--- The records Enclosed Below ---

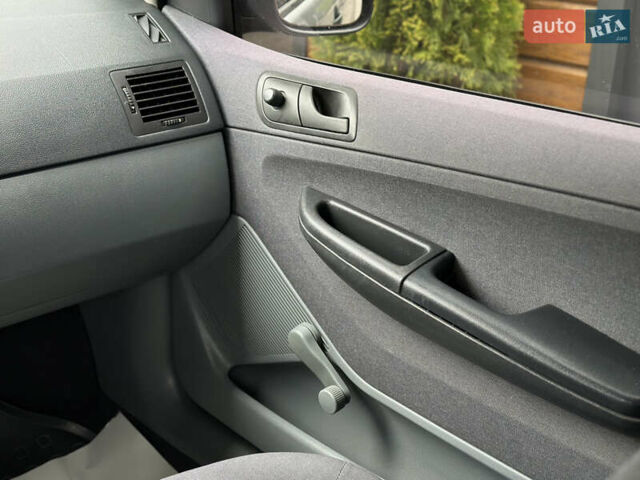 Серый Шкода Фабия, объемом двигателя 1.4 л и пробегом 182 тыс. км за 3900 $, фото 44 на Automoto.ua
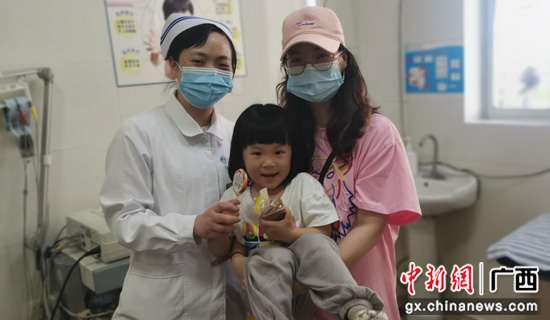 自治区南溪山医院为患儿送上“六一”儿童节礼物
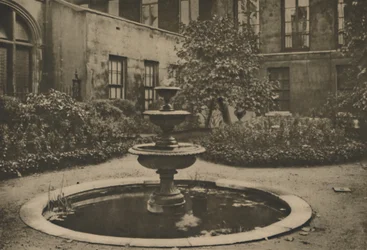 Forntida mullbärsträd och fontän i Garden of Drapers Hall, c1935.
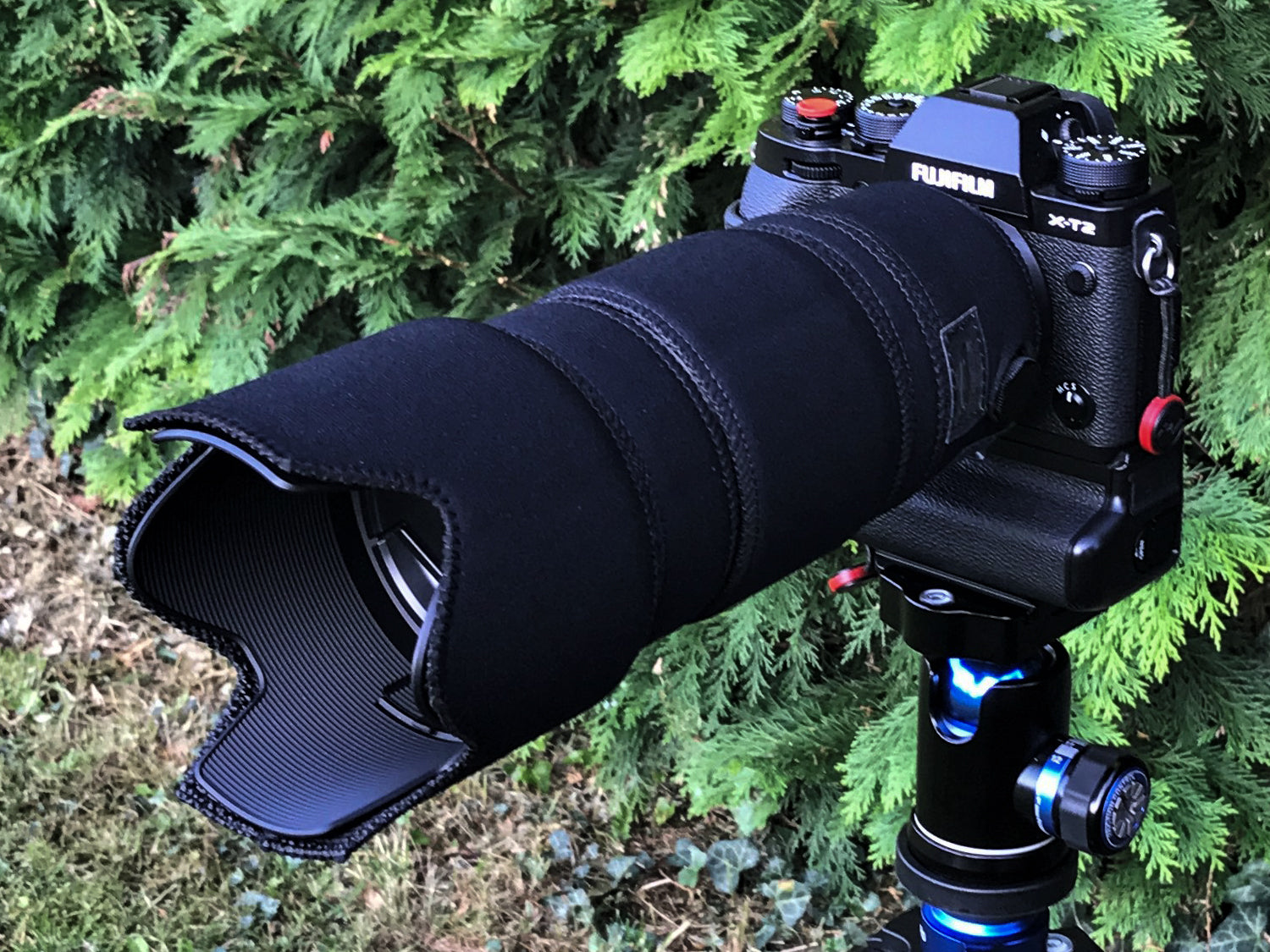 Fuji 50 140 f2.8 OIS Neoprene Lens Cover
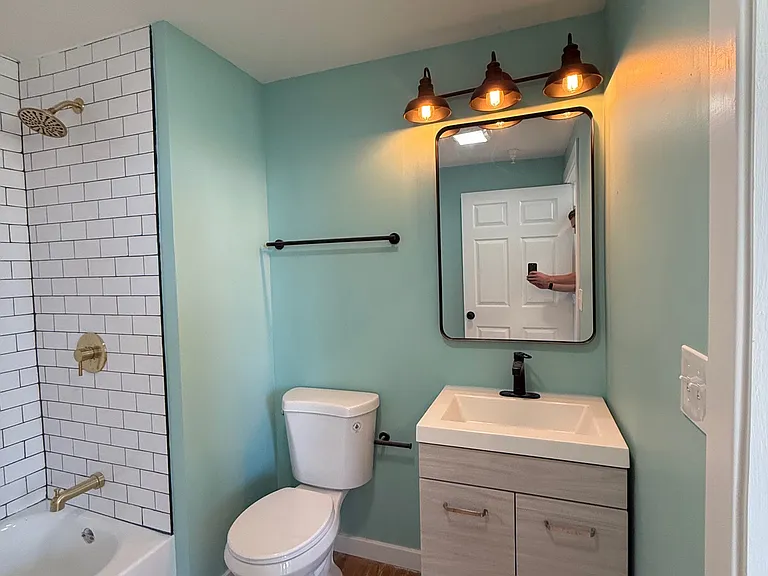 1016 Milwaukee Ave — Photo 6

--- End of Enclosed The records ---

**What you are asked to do:** Transcribe each line of the material above verbatim, but do not include the images.

**Result:**
 Серый Шкода Фабия, объемом двигателя 1.4 л и пробегом 182 тыс. км за 3900 $, фото 44 на Automoto.ua
 自治区南溪山医院为患儿送上“六一”儿童节礼物
 Forntida mullbärsträd och fontän i Garden of Drapers Hall, c1935.
 Fuji 50 140 f2.8 OIS Neoprene Lens Cover
 1016 Milwaukee Ave — Photo 6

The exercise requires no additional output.